Indeed, these changes in application and network environments have the potential to wreak havoc. And although diverse, these changes share one key characteristics -- they all cause more traffic to traverse the network with varying requirements.

"With WANs now open to business partners, customers and mobile and remote workers, and supporting more critical applications as well as VoIP, network managers are faced with the burden of optimizing and managing all these diverse applications, without compromising network performance," says Held.

So, it comes as no surprise that network managers are adding more and more bandwidth - to no avail.

The problem is that critical applications are not necessarily the ones that get the most access to extra capacity: usually it is the less urgent bandwidth-hungry applications that monopolize increased bandwidth. "More bandwidth is not the answer, effective management is," he says.
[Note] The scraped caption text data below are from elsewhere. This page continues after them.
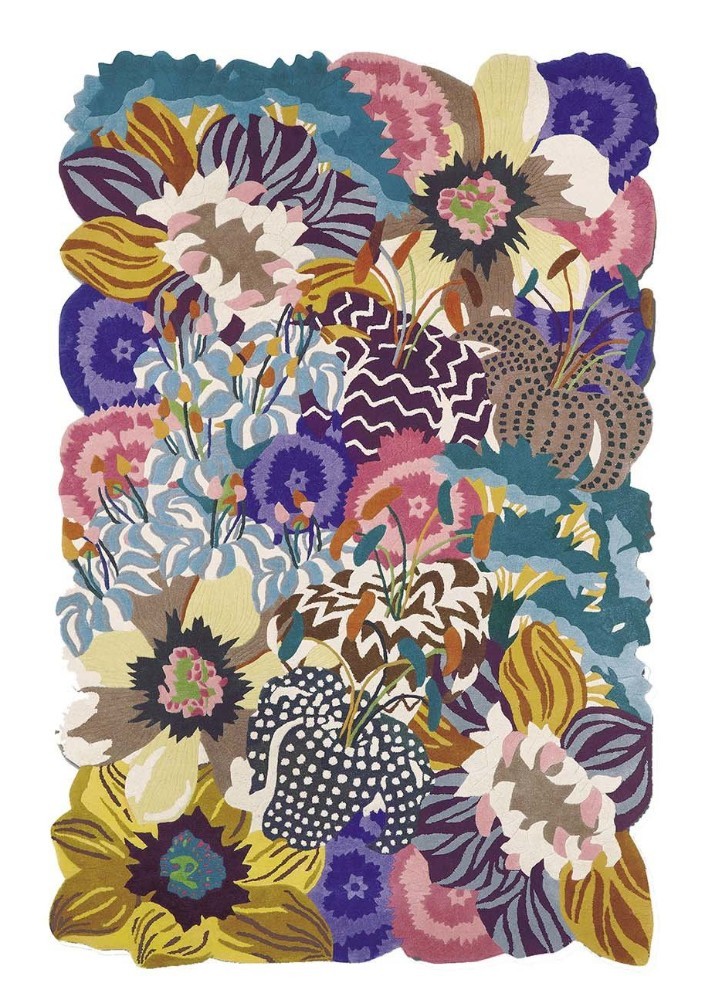 Designer irregular style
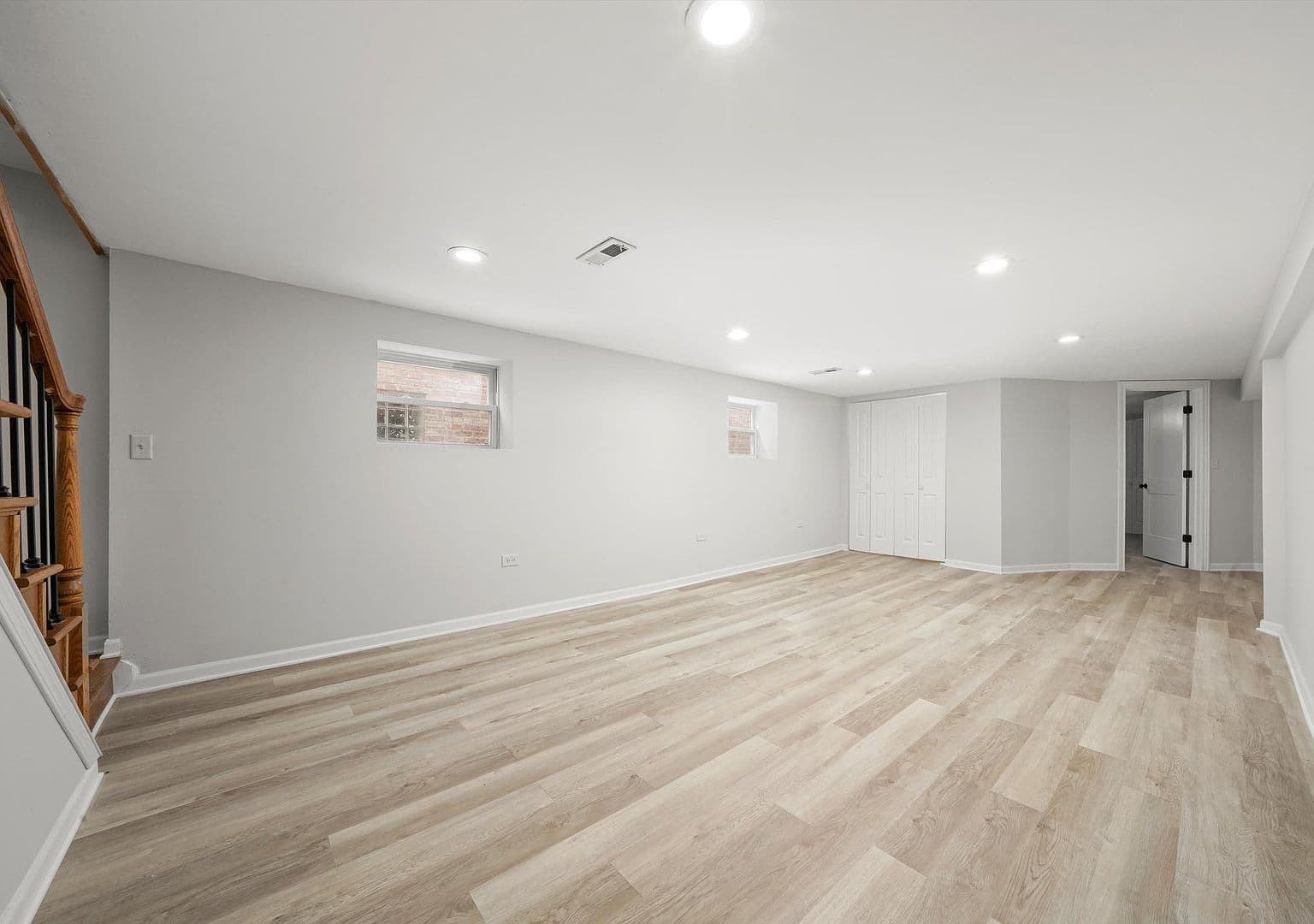 Small Basement Windows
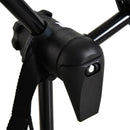 Pergola da Giardino 2,95x2,95m in Alluminio e Poliestere Bianco Crema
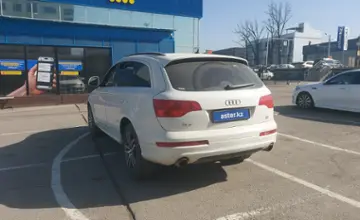 Audi Q7 2006 года за 5 000 000 тг. в Алматы фото 4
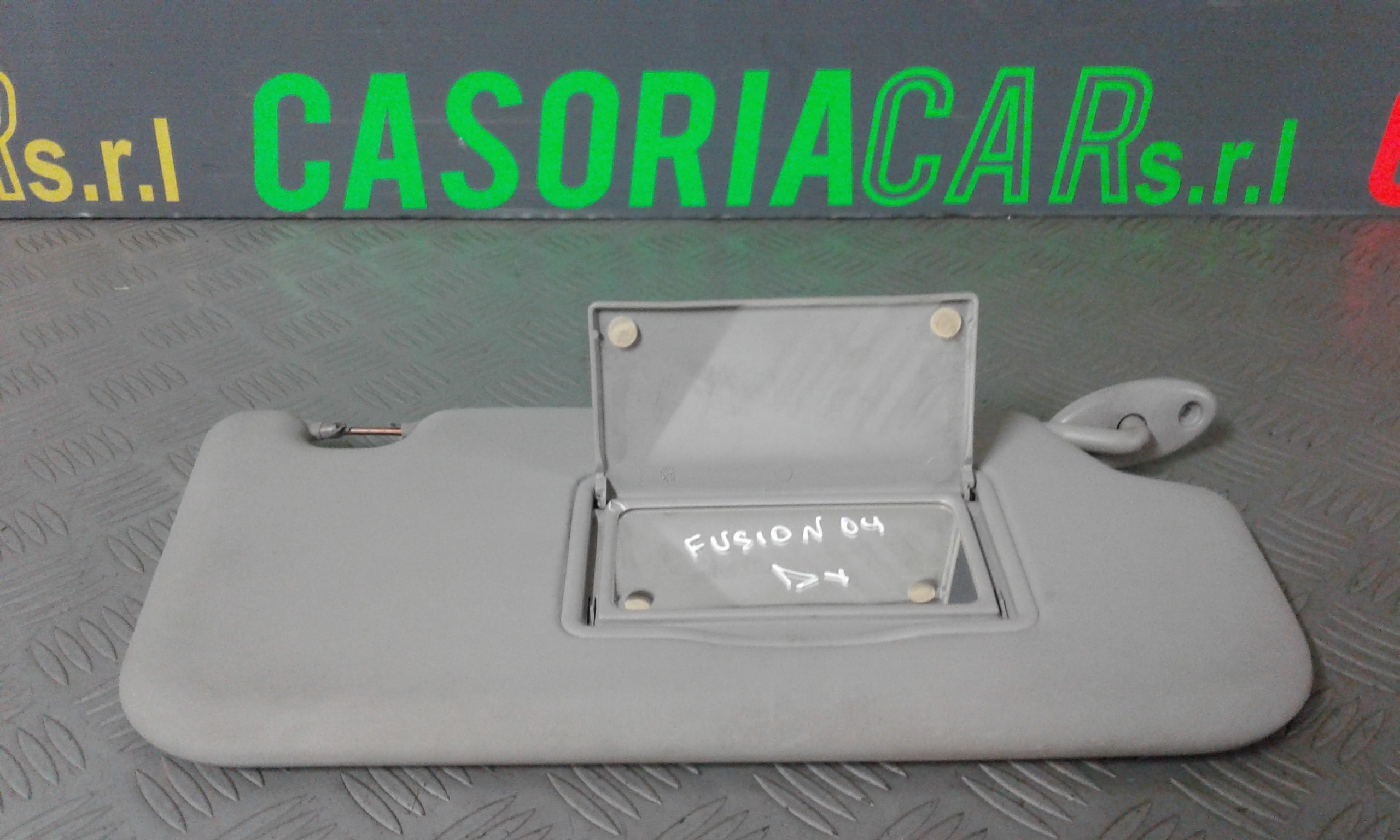 Aletta Parasole Parabrezza Destro 1222069 Usato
Effective traffic management, which involves a combination of detailed application discovery and performance monitoring, will establish QoS (quality of service) policies, traffic shaping and compression.

Also, edge LAN switches, which have multi-layer traffic classification capabilities, can be highly effective in controlling application streams from the edge of the network.

"Indeed, QoS policies help network managers to prioritize traffic based on its relative performance in the business. And, although this approach is not necessarily foolproof, it does counter some of high-priority application performance degradation," says Held.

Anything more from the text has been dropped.